Now that I’m back to driving on the usual side of the car and road, I couldn’t help but compare it to when I was driving in the US.
I rented and driven two cars for a total of 3 days.
Th first car was the huge 5.3L V8 engine Chevrolet Suburban and the second was the 1.6L Hyundai Accent and I must say that I prefer the larger one. It felt safer and no one honked me at all when I drove it! I certainly got honked at a lot when I was in the Hyundai.
And I think I would have driven about 500km going around Monterey, Seaside, Marina, Watsonville and all the way up to San Francisco and back.
I noticed these few differences when I was driving in the US.
For one, it was definitely a matter of conscious competence and unconscious competence. I notice now that when I drive here in KL, I don’t think about it at all but I couldn’t not think when in the US. I was in full alert. It’s a don’t-talk-to-me-when-I’m-driving thing.
Two, I keep having to vocally tell myself to turn into the right side of the road or I will head into the left. I and do at that every turn, “turn into right, not left.”
Thirdly, I need to look out for cars coming from the left, not right when I’m making a turn. I was not so conscious of this and I nearly got myself into a major accident. It was dark and the roads were empty. I wanted to turn left, but I looked instead to the right for cars. I started off and suddenly there was a car coming very fast from the left. Thankfully, I stopped in time. The car gave me a long loud honk as he passed by. And I went, phew! that was a close one.
Fourthly, I notice that my brain took on a mirror image to what’s left and what’s right, so much so that when Google Map or Waze tell me to keep left, I’d keep right and conversely when it tells me to keep right, I’d think it’s left. Thankfully I have my son there to correct me.
Fifthly, my car unintentionally kept moving to the right. So I prefer to keep to the right lane so that I have some space and I don’t keep swerving into other people’s lane. But I kept in the middle lane when I was driving back from San Francisco and I keep having to adjust to keep the car to the left. I got honked once when my car got too much to the right. Also, when I’m stationary and when I want to turn out from the left to the right, my son keep telling me I that nearly hit the cars on my right. Thank God I didn’t.

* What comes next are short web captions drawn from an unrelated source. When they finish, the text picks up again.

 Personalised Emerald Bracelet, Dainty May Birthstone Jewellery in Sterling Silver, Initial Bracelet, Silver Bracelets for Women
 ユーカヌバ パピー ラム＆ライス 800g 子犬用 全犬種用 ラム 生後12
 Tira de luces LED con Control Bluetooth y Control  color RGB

And finally, when I was driving back from San Francisco in the night, my mind keep going into the emergency mode when I see car lights all coming from the right side of the road. Hence, the two-hour journey back was the most stressful one.

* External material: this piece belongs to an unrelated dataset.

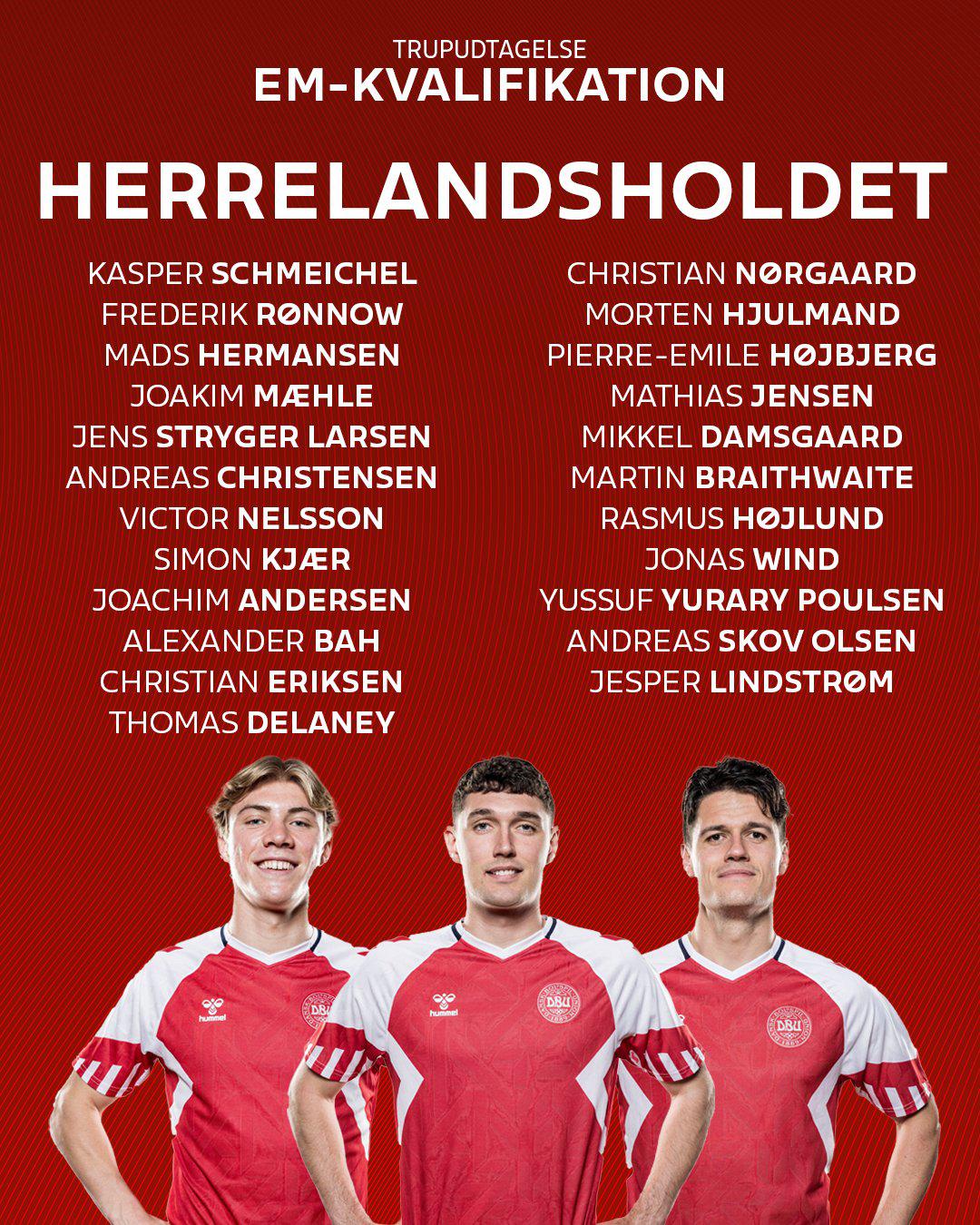 丹麦国家队最新一期大名单：埃里克森、霍伊伦、克里斯滕森在内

My blood pressure would have been on the high side because of driving in the US. But it was certainly an adventure and an experience but I’d stick to the left road and right side of the car for now.
Oh, one more thing to add is the funnniest and most embarrassing one: I’d walk to the wrong side of the car.
And I did that twice so far.
Once when the driver came to pick us up from the airport in Taipei, I walked over to the driver side and opened the door. I did the exact same thing when the Lyft (Uber alternative in the US) came to pick me up from the Monterey airport.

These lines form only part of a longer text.